There are vast numbers of ash trees in America, of different varieties, so the borer threatens many communities, and whole groves may be destroyed. It’s nearly poignant that a threat to their survival comes from a tiny, beautiful insect. Whitewater’s EAB plan, with a picture of the insect on top of a penny, does not do that small insect justice — in so many other photos, the EAB is a striking, iridescent green. If it were not so destructive, the EAB would be a tiny jewel among insects. (Perhaps, even now, it’s worthy of that honor.)

When I first heard of Whitewater’s plan regarding the EAB, I thought: Perhaps, as in earlier times with locusts, we will fight against any infestation, even if the odds are long. (I’ve learned that there’s uncertainty about what caused locusts, in huge numbers, to disappear; many scientists doubt that they disappeared through human efforts, however strenuous they were).

Still, there’s something admirable in the trying, in that case and this one. If — regarding trees rather than crops — we could save some ash trees, would that not be a commitment to conservation, to preservation of part of the created order?

I’ve linked to Whitewater’s plan, and embedded it previously. But before commenting on it, I wanted to check and see if my own instincts about the plan — those of a layman — were sound.

Whitewater’s Management Plan. One sees, from the Executive Summary and other passages within the document, that this plan is not original to Whitewater. It’s from Beloit, and has been adopted for use here. There’s no dispositive wrong in taking a good plan from elsewhere and using it here.
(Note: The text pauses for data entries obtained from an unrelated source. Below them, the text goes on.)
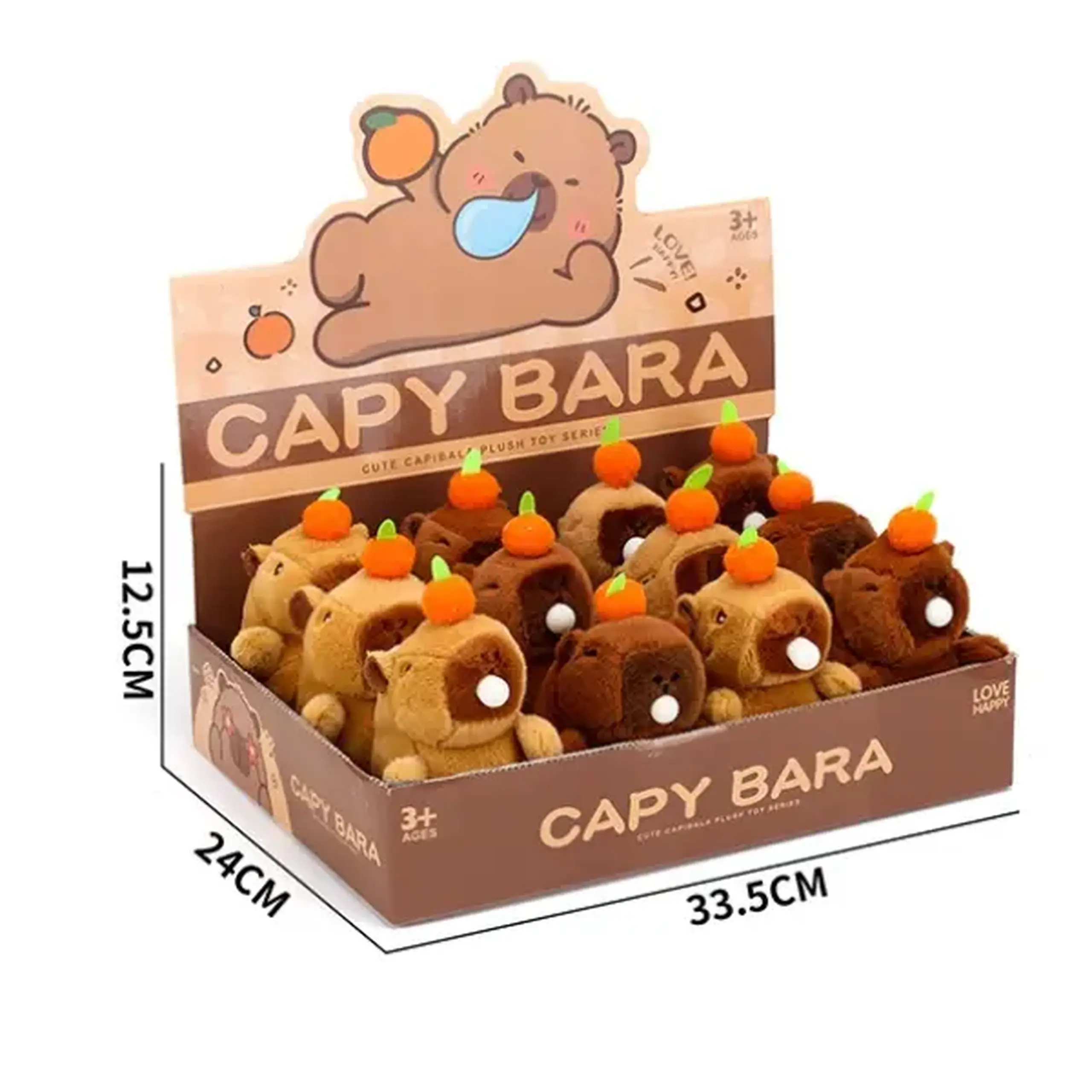 Breloc moale „Capibara”, cu gumă de mestecat, 2 modele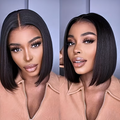 10 Inch Short Bob Wig - Brazilian Straight Human Hair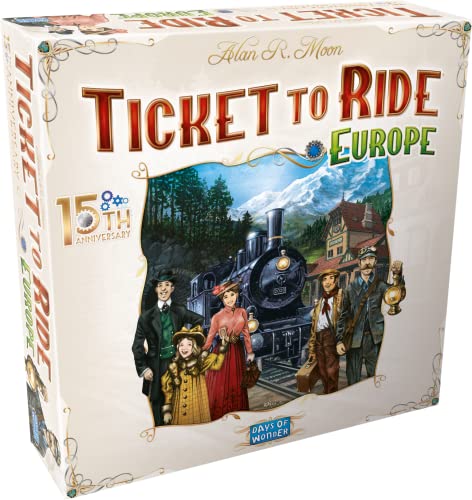 angelica㤨֥ܡɥ Ѹ ꥫ  Ticket to Ride Europe 15th Anniversary DELUXE EDITION Board Game - Strategy Game, Family Game for Kids & Adults, Ages 8+, 2-5 Players, 30-60 Minute Playtime, Made by Days of ܡɥ Ѹ ꥫ פβǤʤ36,510ߤˤʤޤ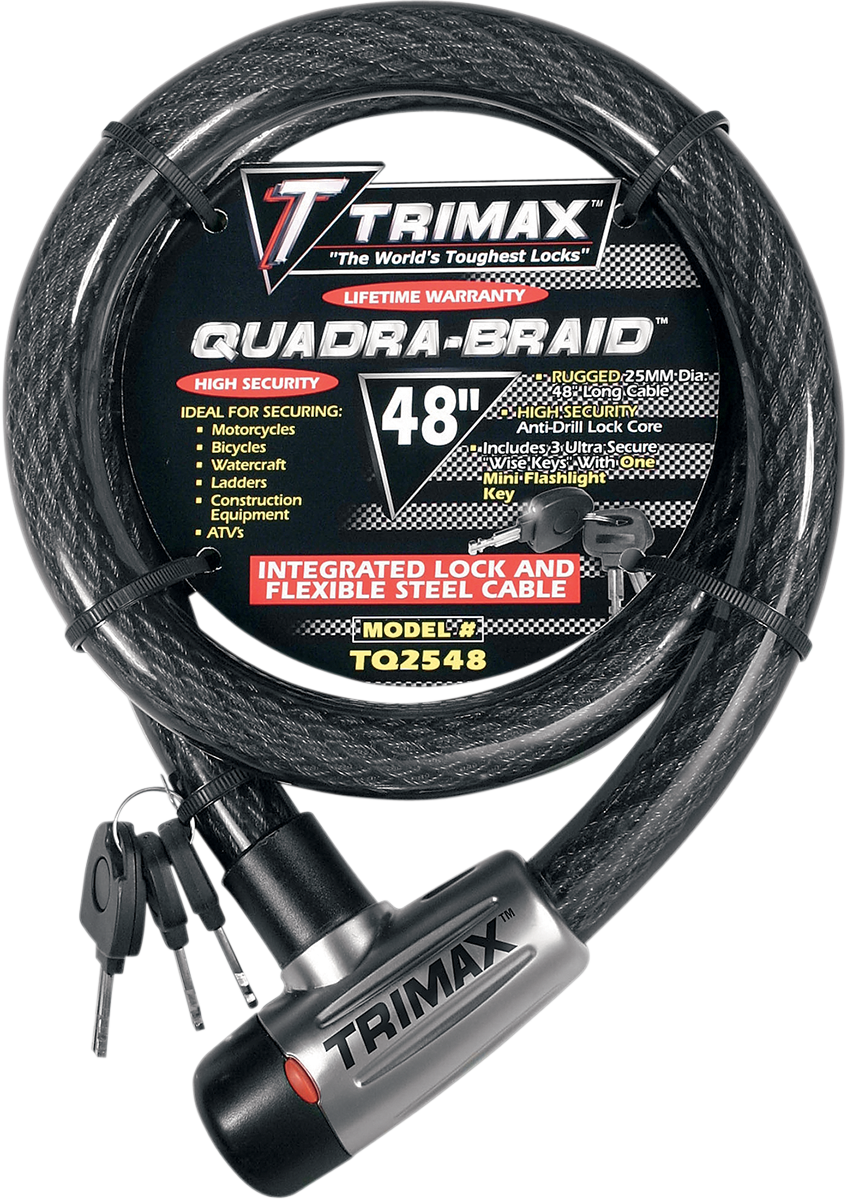 Quad-Braid Integrated Cable Lock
(I’ve contended that Whitewater often takes too little of outside practices, and instead clings to a false, local exceptionalism in substitution for a genuine American exceptionalism. America, after all, does not end where Whitewater’s city limits begin.)

There is, however, a question about commitment to implementation, here in this city, if the plan’s a cribbed effort. A purchased term paper may be accurate, but it’s also evidence of indolence.

Process Boilerplate. Virtually the entire plan is collection of generic summaries or process boilerplate.

It’s not that it’s wrong, it’s that, after all, a Coversheet, Executive Summary, Index, History of EAB in Wisconsin, generic Planning Process, vague Goals/Priorities/Actions, Historical Background, full-page picture of a composite site, States Notification System, City of Whitewater Notification System, info on the City of Whitewater Command System (yes, ‘command system’), List of Regulatory Authorities, Applicable Laws Statutes Administrative Codes, outdated(!) EAB Quarantine Map, and blank end page

do not constitute a plan of action.

There’s nothing that indicates commitment or zeal to fight this infestation. On the contrary, Beloit’s plan, now Whitewater’s plan, hedges on just about every remedial measure:

There are Chemical Treatment options that may be looked at for protecting ash trees from E.A.B. It should be noted however, that Chemical Treatment carries with it trade-offs, that may not be environmentally safe. Caution should be exercised and all product information should be reviewed before product treatment is done.

Yes, but what will Whitewater actually do? There are ways to protect these trees, but there’s so much hesitation in this plan. Consider Whitewater EAB Management Plan, page 16:

Table 1. Insecticide options for professionals and homeowners for controlling EAB that have been tested in multiple university trials. Some products may not be labeled for use in all states. Some of the listed products failed to protect ash trees when they were applied at labeled rates. Inclusion of a product in this table does not imply that it is endorsed by the authors or has been consistently effective for EAB control.”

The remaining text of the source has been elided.